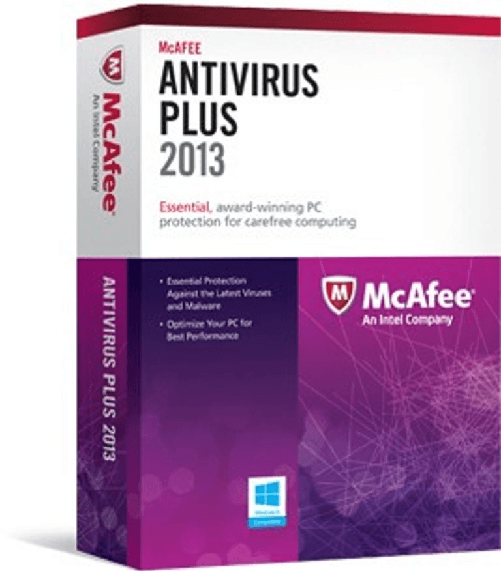 McAfee AntiVirus Plus 2013, 3u, DEU, FRE, ITA, ENG Sicurezza antivirus Tedesca, Inglese, Francese, ITA 3 licenza/e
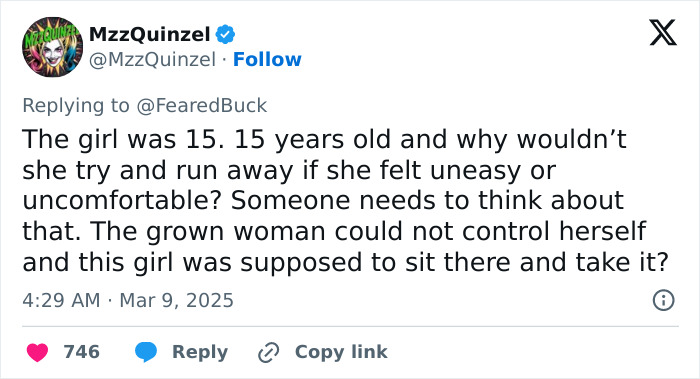 Tweet from a user discussing a Maryland hairstylist dragging a teen client by her hair in a viral salon video.
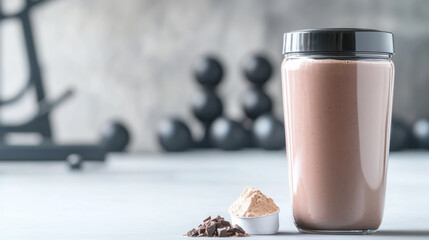 Keto post workout protein shake with collagen for fitness and muscle recovery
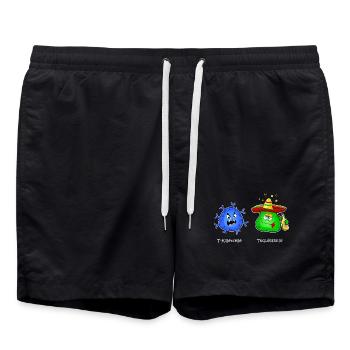 T killer cell, immune system, virus tequila T cell - Swim Trunks - black - Front - AI Model Male 185 light (185cm)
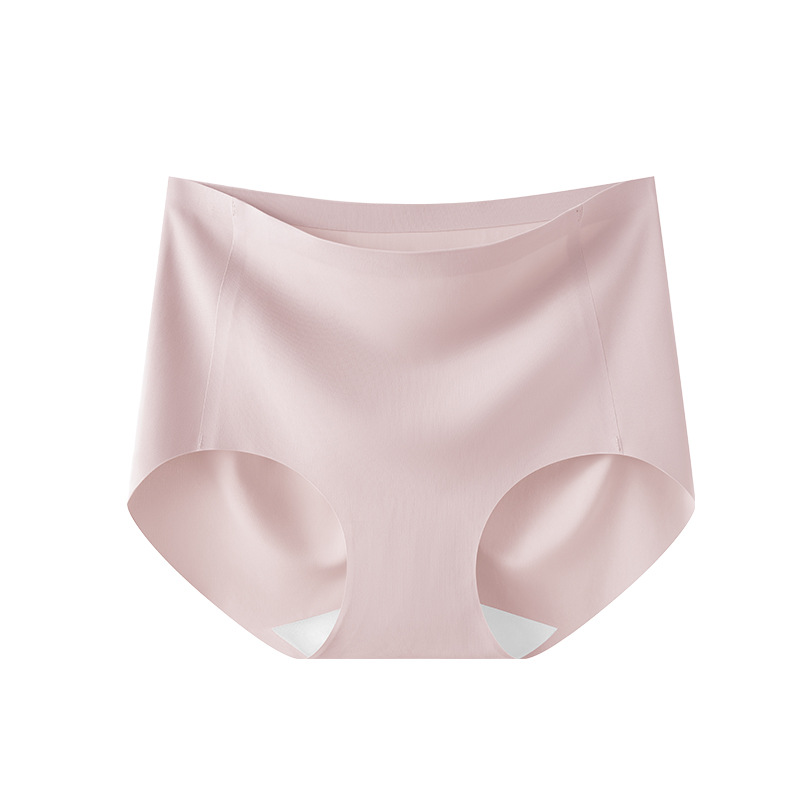 Ropa interior sin costuras de cintura alta, ropa interior de entrepierna antibacteriana de algodón para mujer, yoga y fitness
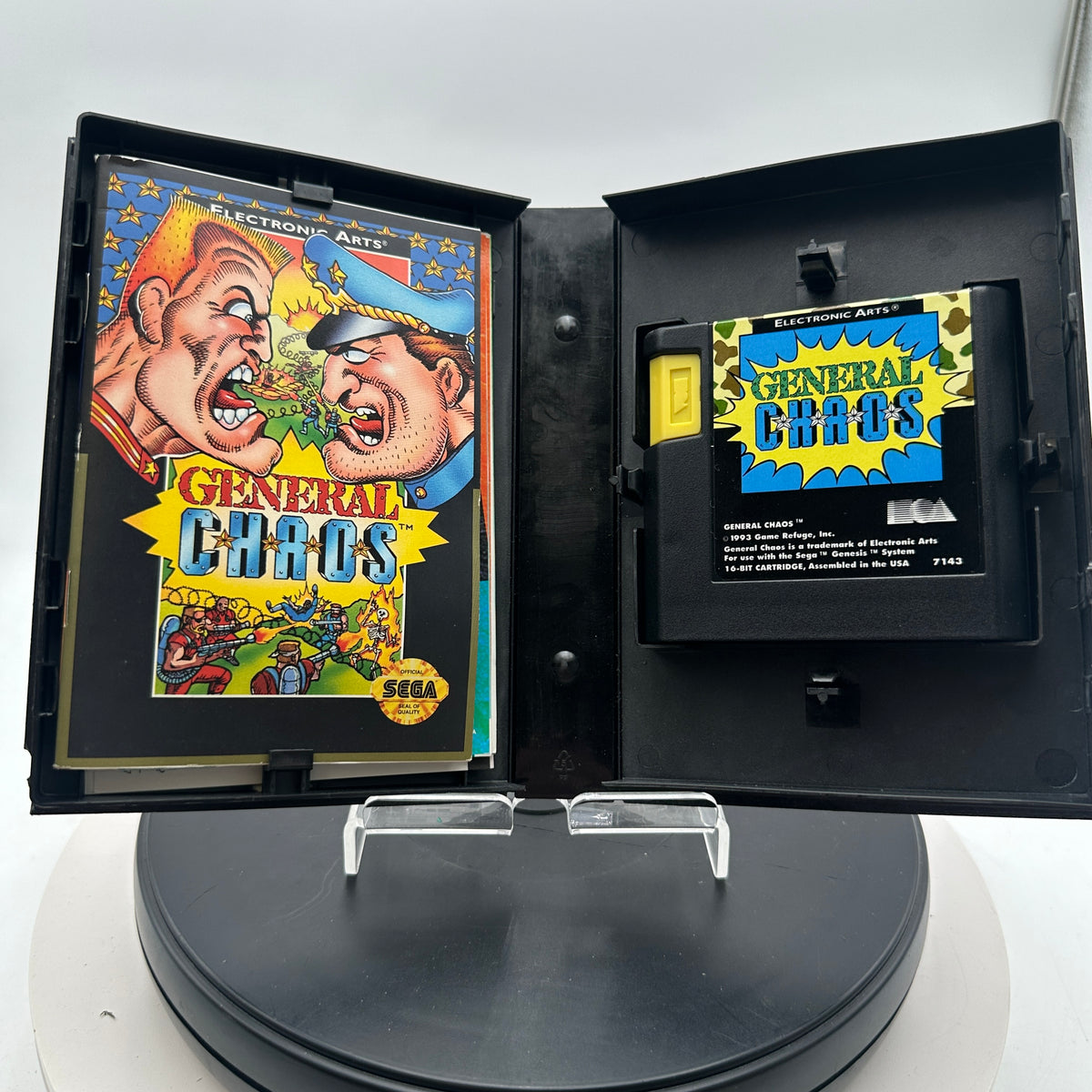 Sega Genesis General Chaos Video Game CIB MINTY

EXERCISE BRIEF —
An unchanged copy of the data, images excluded, is all that should be given.

OUTPUT FOR THIS TASK —
 McAfee AntiVirus Plus 2013, 3u, DEU, FRE, ITA, ENG Sicurezza antivirus Tedesca, Inglese, Francese, ITA 3 licenza/e
 Tweet from a user discussing a Maryland hairstylist dragging a teen client by her hair in a viral salon video.
 Keto post workout protein shake with collagen for fitness and muscle recovery
 T killer cell, immune system, virus tequila T cell - Swim Trunks - black - Front - AI Model Male 185 light (185cm)
 Ropa interior sin costuras de cintura alta, ropa interior de entrepierna antibacteriana de algodón para mujer, yoga y fitness
 Sega Genesis General Chaos Video Game CIB MINTY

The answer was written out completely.